BitWise on Sun 27 Dec 2020 wrote:
Isn't it just something like this?
When I first encountered this problem, my inclination was to write the unrolled version of your implementation in MC68000. Your solution is, by far, the most concise, legible and easily maintained version that we are likely to see. Furthermore, it is ideally suited to be trimmed down for the subproblems. However, if all bits are passed through the carry flag then it is definitely not the fastest algorithm for the 8*8 case.

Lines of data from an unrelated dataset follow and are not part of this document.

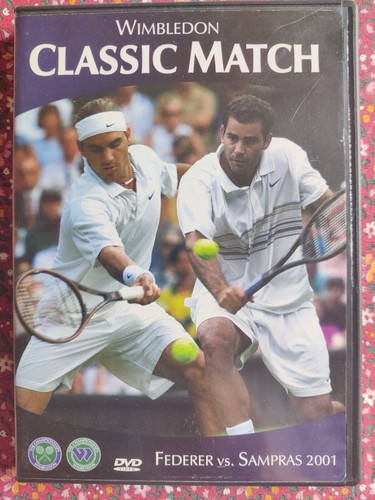 Dvd wimbledon 2001 sampras - 2001,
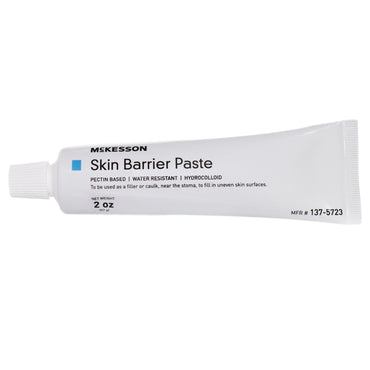 McKesson Ostomy Barrier Paste 2 oz. Tube, Pectin-Based, Protective Skin Barrier (1081295_CS)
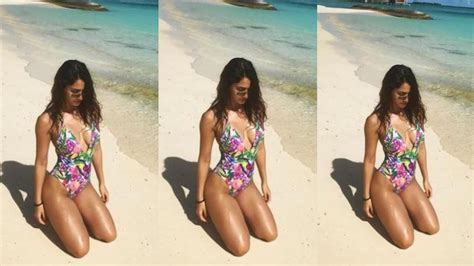 Radhe Star Disha Patani Breaks The Internet With Her Bold Bikini Avatar
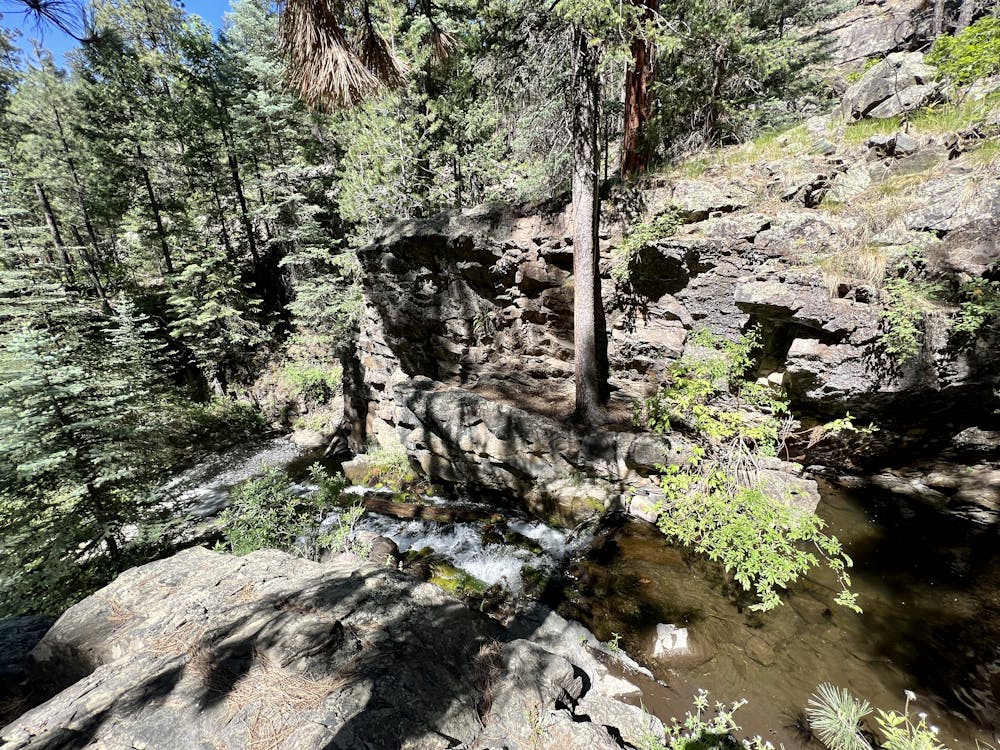 Photo from Miners Trace Waterfall Loop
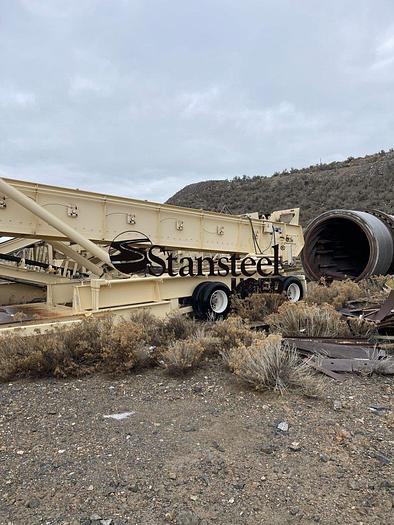 Used Astec 100 Ton Portable Self-Erect Silo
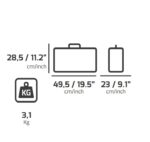 4 Pz- Borsa Porta Attrezzi PLANO Pro Case PC513004 - immagine 2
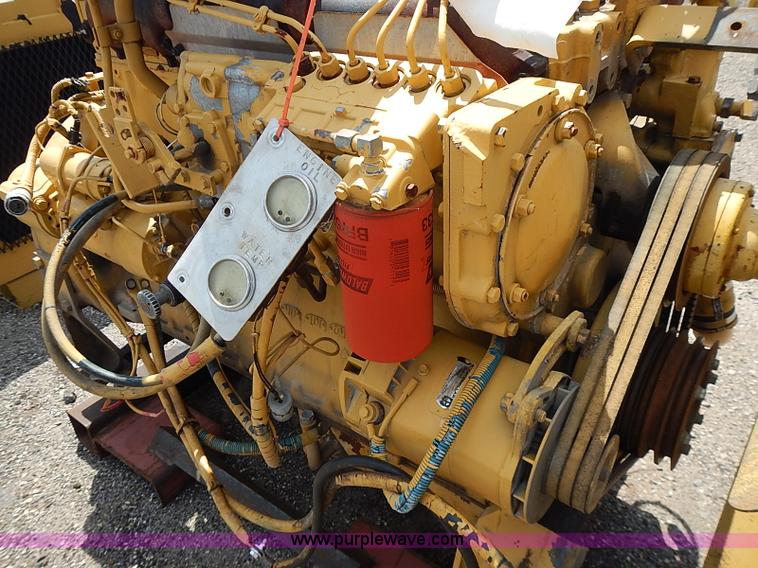 image for item AZ9933 Caterpillar 3306 diesel engine and accessories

barrym95838 on Sun 27 Dec 2020 wrote:
EOR
You've given me an idea for implemenation. It is possible to swap variables without using a temporary variable by using
EOR swap. Many of the explanations for EOR swap are quite baffling. Therefore, I have drawn a Boolean diagram and truth table. This may or may not be helpful when satisfying yourself that EOR swap performs as expected. It may be useful to extend EOR swap to a bit matrix transpose by introducing bit masks, bit shifts and/or LUTs. (Apologies in advance for use of C notation. This directed at barrym95838 as pseudo-code for conversion into 6502 assembly.) The trivial EOR swap is:-
Code:
p ^= q;
q ^= p;
p ^= q;
With nybble swap LUT, this would be:-
Code:
p ^= lut4[q];
q ^= lut4[p];
p ^= lut4[q];
Unfortunately, this performs something slightly different to the desired algorithm. Specifically, this concurrently exchanges two variables while nybble swapping both variables. This can be adapted by using bit masks. One line of the 4*4 swap can be implemented as:-
Code:
p[x] ^= lut4[p[x+4] & 0x0F];
p[x+4] ^= lut4[p[x] & 0xF0];
p[x] ^= lut4[p[x+4] & 0x0F];
where the LUT swaps pairs of 4 bits, the inner array index and logical operation may be implemented using AND zp,X and the outer array index and logical operation may be implemented using EOR abs,Y. It may be desirable to substitute lut4 with bit shift operations but it is probably faster to use LUTs for the 2*2 and 1*1 cases. This solution exceeds 512 bytes and may exceed 256 clock cycles. It is probably less than 2x faster than BitWise's solution yet more than 16x larger. Regardless, it provides an example of why compilers fail to produce sensible output. Unaless the compiler's input is phrased in a very specific manner - with fore-knowledge of the target architecture - the compiler cannot apply a sensible set of transformations and optimizations.
barrym95838 on Sun 27 Dec 2020 wrote:
t = (x ^ (x >> 7)) & 0x00AA00AA;
I suspect the seven bit shift is derived from Donald Knuth's re-occurring binary fraction technique. If so, I sympathize with your bafflement.
I tried the suggested search and found a
similar question for PIC where someone suggested that it was a pointless codegolf exercise. Worse, many responded with Intel AVX512 "solutions". I also found a header in the FastLED library which is typically used to control WS2812 digital LEDs and similar devices which use incompatible serial formats. Anyhow, people are definitely running binary matrix transpose on 8 bit systems and people are definitely using it for practical tasks, such as light control.